I calculated the Debt to Equity ratio for KRBL from the latest annual report and it is coming around 0.12 But the screener.in is showing 0.73 What is causing the discrepancy ? Could some one please help?

I think I found out the reason. Screeer combines long term and short term borrowings under borrowing. I used just the long term borrowings to calculate DE ratio.

KRBL looks like a very progressive company with ears to ground. Over the last few years it delivered decent returns to its shareholders.

KRBL is a Basmati Rice miller with nearly 2/3rds of sales from India and balance from outside India. For Fy2016-17, company’s domestic sales grew by 31% and overall net profit (including that of exports) grew by 36%. It also has a small windmill business that contributes about Rs.100 Crores in a turnover of ~ Rs.3159 Crores.

Its annual report of 2016-17 makes some interesting observations and is giving insight into the shape of things to come for the company and partly for the agri sector.

New products:

“…. creating a new business segment of super-premium foods by re-launching brown rice new packaging and launching ‘Quinoa’ a new health-oriented product.” (page 3)

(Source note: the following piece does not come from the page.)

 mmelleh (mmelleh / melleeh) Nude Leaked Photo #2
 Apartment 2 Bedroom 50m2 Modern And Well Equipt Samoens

My comment: It will be interesting to see how Quinoa takes off. How much will it add to revenue and bottomline in due course will be worthwhile watching because a 500gm pack retails at Rs.450/- in Bigbasket.

Market share: (sourced from page 30)

In value terms, Indian Gate brand enjoys market share of 32% in metropolitan areas, 35% in Town Class I cities and 43% in rural areas. However, overall for India, it is said that it enjoys 32% market share.

My comment: Somewhere, the maths does not seem to be matching because of the 3 segments two segments have market share greater than the average and the third has market share equivalent to that of the average.

In 2016-17, Vertically, company’s sales increased by 28.66% in volume terms and by 25.55% in value terms in Consumer pack segment. In the bulk packaging segment, company’s sales grew by 26.9% in volume terms and by 43% in value terms. In super premium segment sales volume grew by 19.36% while in value terms it grew by 10.48%. Export sales remained constant excluding a tender sale in which the company participated in 2015-16.(pages 27, 32, 34 & 35).

Marketing:

“The company also created a series of 11 cooking videos with star Chef Kunal Kapur.” (page 29)

“KRBL has identified social strategy as core growth strategy for the future to engage with consumers.” (page 29)

Added nearly 21,000 retailers in 2016-17 (page 34).

“India Gate brand performance has been steered by improving sales in the consumer pack categories of 1 kg and 5kg. “ (page 27)

“In its modern trade distribution channel, the company has enhanced its presence to 6500 stores, while growing market share from 27.4% to 36.9%. Initiatives undertaken by the company towards retail activation and dominating shelf-space, has resulted in improved same-store sales and category share.” (page 31)

“Viewing the huge scope of opportunity from the online distribution network, the company has focussed on strengthening its e-commerce channel. The company tied up with major players like Bigbasket, Grofers, Amazon, Shopfilo, JBL and Flipkart among others” (page 31)

Marketing thrust:

“In India, metro and class I towns account for nearly 78% of the overall packaged Basmati rice demand. However, with these markets nearing saturation, the growth momentum has slowed down. Majority of the growth is now coming from Rest of Urban and rural markets, where the company has devised strategic plans and undertaken initiatives for improving quality of distribution and improving reach. To tap these markets, the company has also launched non-premium basmati rice brands to grab market share from the unbranded players dominant here.”
(page 34)

“In India, the rural category of the basmati rice industry segment witnessed a 70% growth and this is where the majority of the growth will come from in the coming years.” (page 30)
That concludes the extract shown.